Historical story

10 facts about the alleged liberation of Poland that will wake up the greatest supporters of communism

Propaganda films, manipulated series, book peans. For half a century, the people's government did everything to instill in Poles undying gratitude for being freed from German occupation. Millions still see liberators in the Red Army. What was the reality like?

1. They saved in the morning, raped at night

When Bożena Kozłowska from Anina near Warsaw saw the first soldier, tears flowed from her eyes. She couldn't believe that the occupation was over. That freedom and security will return. Joy quickly turned to consternation. The soldier kept asking for vodka. As she recalled: Germans always asked for water .

That day, the same soldier visited her once more. This time he was very drunk and he came with a companion. They tried to rape her and her sister. The women were saved only thanks to the intervention of a few soldiers of the Polish People's Army.

Lured by the shouts of the sisters, they ruthlessly dragged the would-be rapists out of the house. However, this was only an exception to the rule. Most often, the victims turned out to be defenseless, and the soldiers only helped each other in the crime. The case from Pińczów is characteristic here:

I report that on the night of 26/27 bm. [19] In 45, two Russian soldiers entered the city. After the incursion, these soldiers terrorized me, putting weapons to my head and threatening to transport me to Russia (...). These soldiers claimed that they had been fighting for Poland for the third year, so they had the right to all Polish women, and that they had come here on the command of the commander. (...) began to terrorize their wife by putting a revolver to her mouth, kicking her, pulling her hair and categorically demanding that their daughters be returned. When the wife declared that she would absolutely not give up her daughters, they pulled her by the hair and dragged her out into the yard from the apartment, where they brutally threw her to the ground and raped her.

Red Army soldiers raped tens of thousands of Polish women.

2. Red Army soldiers robbed Poles and plundered their homes already at the time of "liberation"

The Majkowski family, residents of the Kashubian village of Skrzeszewo, saw it personally.
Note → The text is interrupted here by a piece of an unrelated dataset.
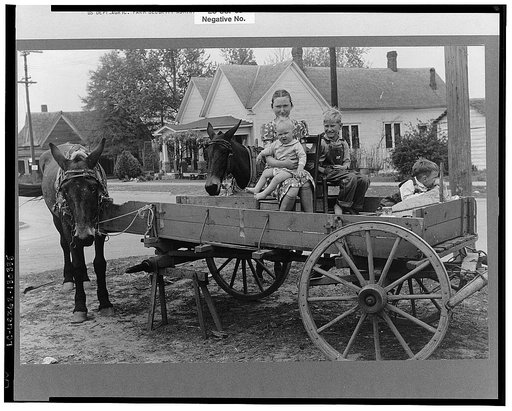 Farmer's family waiting to go home on Saturday afternoon. Enterprise, Alabama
They were just at home when a detachment of Soviet cavalrymen came to their farmyard. After a warm welcome, the Poles were horrified to discover that in the meantime the Soviet soldiers had managed to lead them out of the stables with a mare with a foal.

The family senior also lost his watch and wedding ring. When the Red Army finally left, the Majkowskis remained barefoot in the yard of their homestead, wearing only their underwear - they were "liberated" from shoes and sheepskin coats. Marian Majkowski said: This was the beginning on the first day of freedom, the new eastern freedom . At least he could be glad he had survived. Many Poles did not have the opportunity to enjoy freedom from Nazism. In the protocols of the Krakow Forensic Medicine Institute in 1945, it was noted:

Szymon Piekarczyk - "shot at night by Soviet soldiers on ul. Prandoty ";

Zdzisław Walczyk - "murdered by N.N. individuals in uniforms of the Soviet Army in a stonemason's workshop ”;

Paweł Kucharski - "At 0.30 am several Soviets burst into the apartment for robbery, who fired a fatal shot at the deceased, dragging him out into the yard";

Find out the truth about the alleged liberation of the Polish-Lithuanian Commonwealth in the book "Red Plague":

Zbigniew Leja, a policeman "shot on the road in Borek Fałęcki by the Soviets, going to help people robbed by them";

Józef Magda "robbed and shot by Soviet soldiers";

Ludwik Kózka "left in his own car, attacked by the Soviets on the way, robbed and shot".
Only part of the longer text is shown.